5.2. Data#

Data input to run_cross_validation()#

julearn deals with data in the form of pandas.DataFrames. This is the kind of data structure that the run_cross_validation() uses to input the data and output some of the results.

The input DataFrame must contain the features and the target or label. This will be communicated to run_cross_validation() by specifying the following parameters:

  • data: Name of the DataFrame containing the features and the target or


  • X: List of string containing the column names of the features.

  • y: String containing the name of the column with the target or label.

For example, using the well known iris dataset, we can specify the data input as follows:

First, we load the data into a pandas.DataFrame called df and specify X and y:

from seaborn import load_dataset

df = load_dataset("iris")

Let’s inspect what our dataframe looks like.

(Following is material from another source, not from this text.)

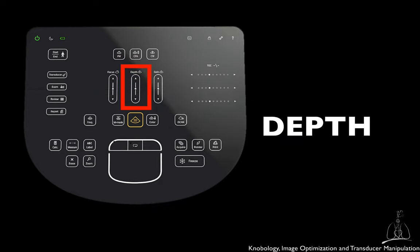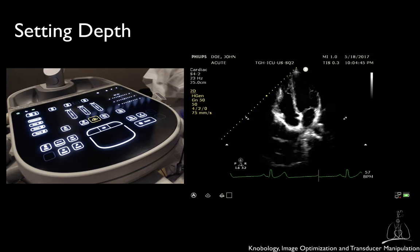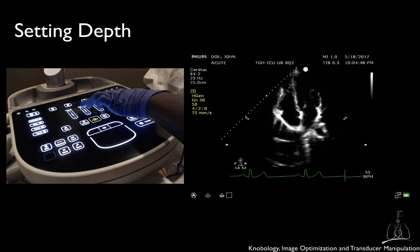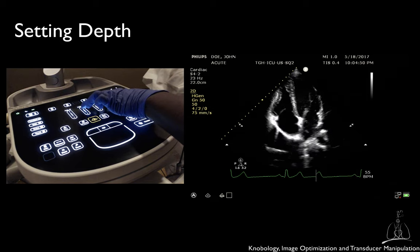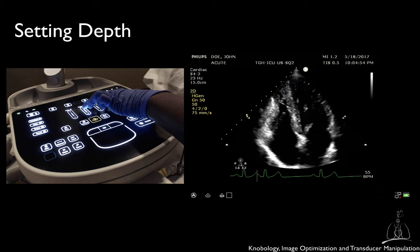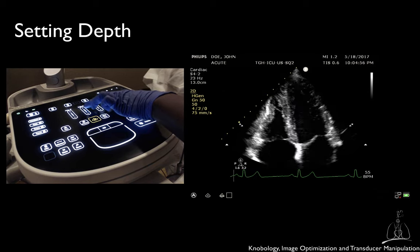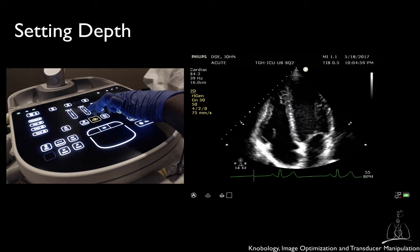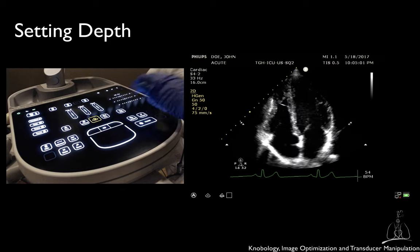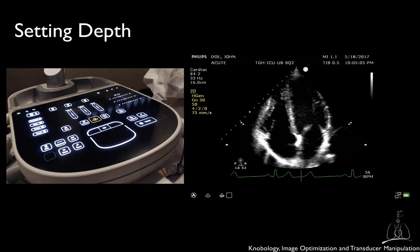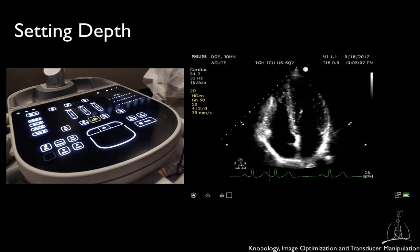You should always adjust the depth according to the structures you want to examine, with the goal of obtaining their complete visualization. Always set the depth to extend approximately 1-2 cm beyond the cardiac structure you are interested in to ensure that they are not cut off. At the same time, if not strictly necessary, do not set too much depth, as excessive depth will affect your temporal resolution and the quality of the images.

sepal_length sepal_width petal_length petal_width species
0 5.1 3.5 1.4 0.2 setosa
1 4.9 3.0 1.4 0.2 setosa
2 4.7 3.2 1.3 0.2 setosa
3 4.6 3.1 1.5 0.2 setosa
4 5.0 3.6 1.4 0.2 setosa

Given this data, we can now specify the X and y parameters:

X = ["sepal_length", "sepal_width", "petal_length", "petal_width"]
y = "species"

julearn’s run_cross_validation() function so far would look like this:

run_cross_validation(X=X, y=y, data=df)

This is not yet very useful to do machine learning, but we will come to it step by step.

Giving types to features#

A nice add-on that julearn offers is the capacity to specify colum-based types for the features. This comes in handy if within the pipeline, one wants to manipulate only certain columns.

To specify column types, we must provide a dictionary with the column types as keys and the column names as values. The type can be anything, but it is recommended to use a string that is meaningful to you.


Every column can only have one type!

In the case of the iris dataset, we could specify the type of the columns related to the sepal and petal information as "sepal" and "petal" respectively.

X_types = {
    "petal": ["petal_length", "petal_width"],
    "sepal": ["sepal_length", "sepal_width"],

Importantly, julearn also allows to specify the column names as regular expressions. This comes in handy when we are dealing with hundreds or thousands of features and we do not want to specify all the names by hand. For example, we could specify the type of the sepal columns as follows:

X_types = {
    "petal": ["petal.*"],
    "sepal": ["sepal.*"],

Adding an X_types specification to run_cross_validation() will make it look like this:

run_cross_validation(X=X, y=y, data=df, X_types=X_types)


If no X_types is specified, all the columns will be considered as "continuous" and a warning will be raised.

Until now we saw how to parametrize run_cross_validation() in terms of the input data. In the next section we will see how to specify the output. In the next section we will focus on basic options to use run_cross_validation() to evaluate different pipelines in a cross-validation consistent manner.

Advanced uses cases regarding X_types selective processing are covered in Selective preprocessing using feature types.